▸ Data provided
┄┄┄┄┄┄

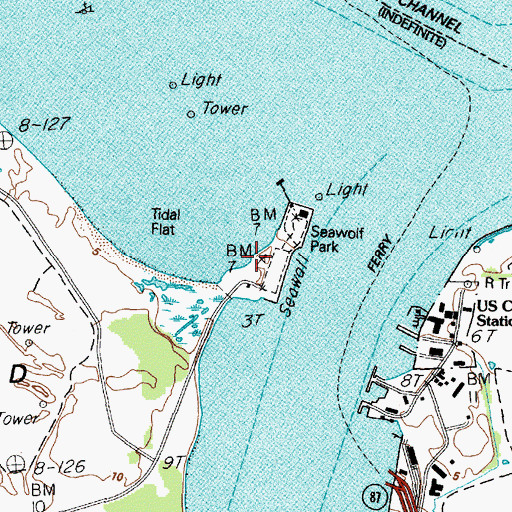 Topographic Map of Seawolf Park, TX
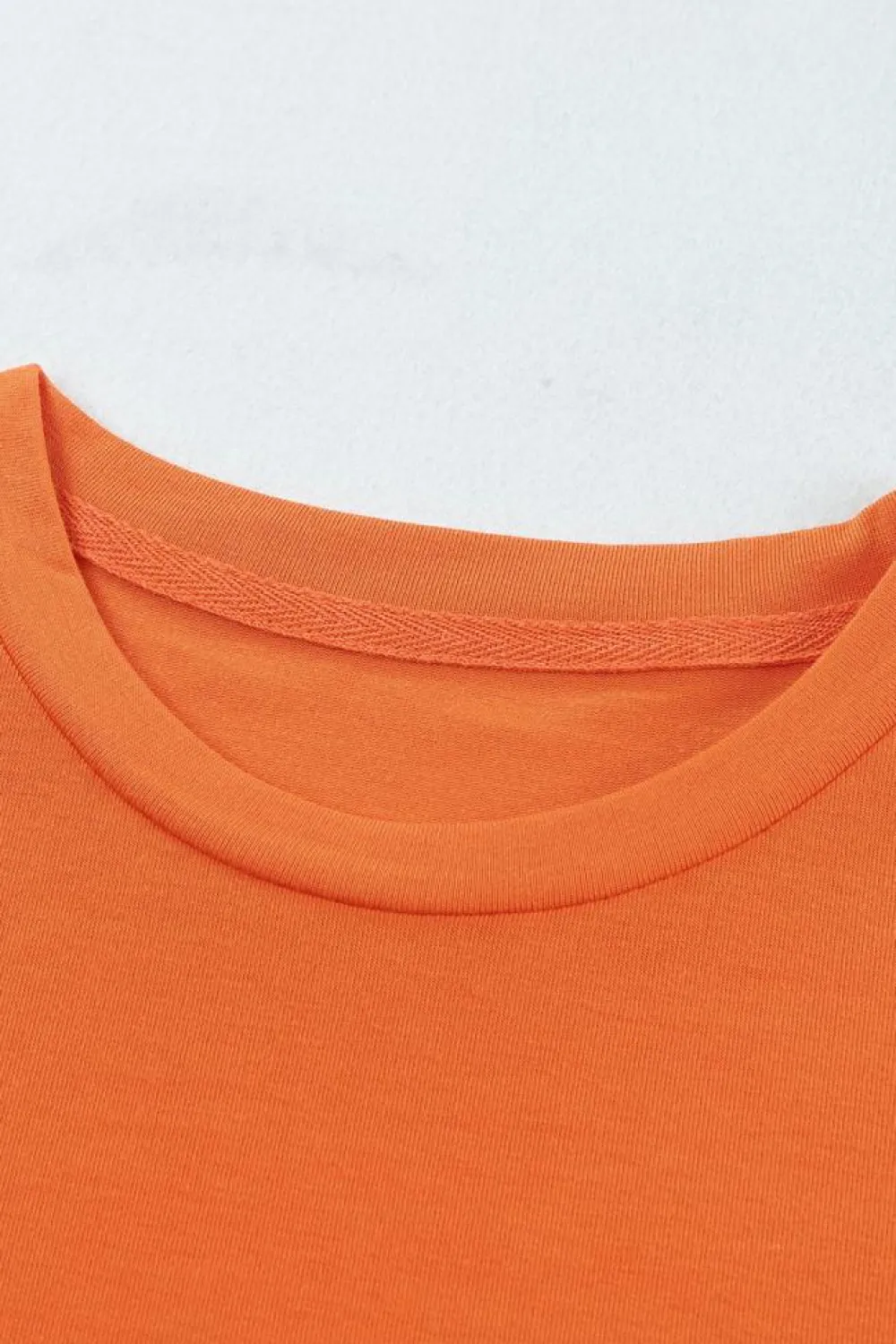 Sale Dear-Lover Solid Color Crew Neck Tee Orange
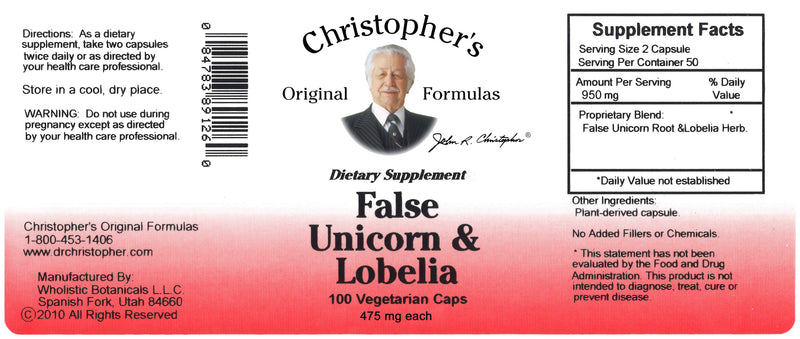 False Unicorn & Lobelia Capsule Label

┄┄┄┄┄┄

▸ Work order
From the line containing "Sale Dear-Lover Solid" down to the final line of the listing above, write out only those lines exactly as they are, minus the pictures.

▸ Exercise output
 Sale Dear-Lover Solid Color Crew Neck Tee Orange
 False Unicorn & Lobelia Capsule Label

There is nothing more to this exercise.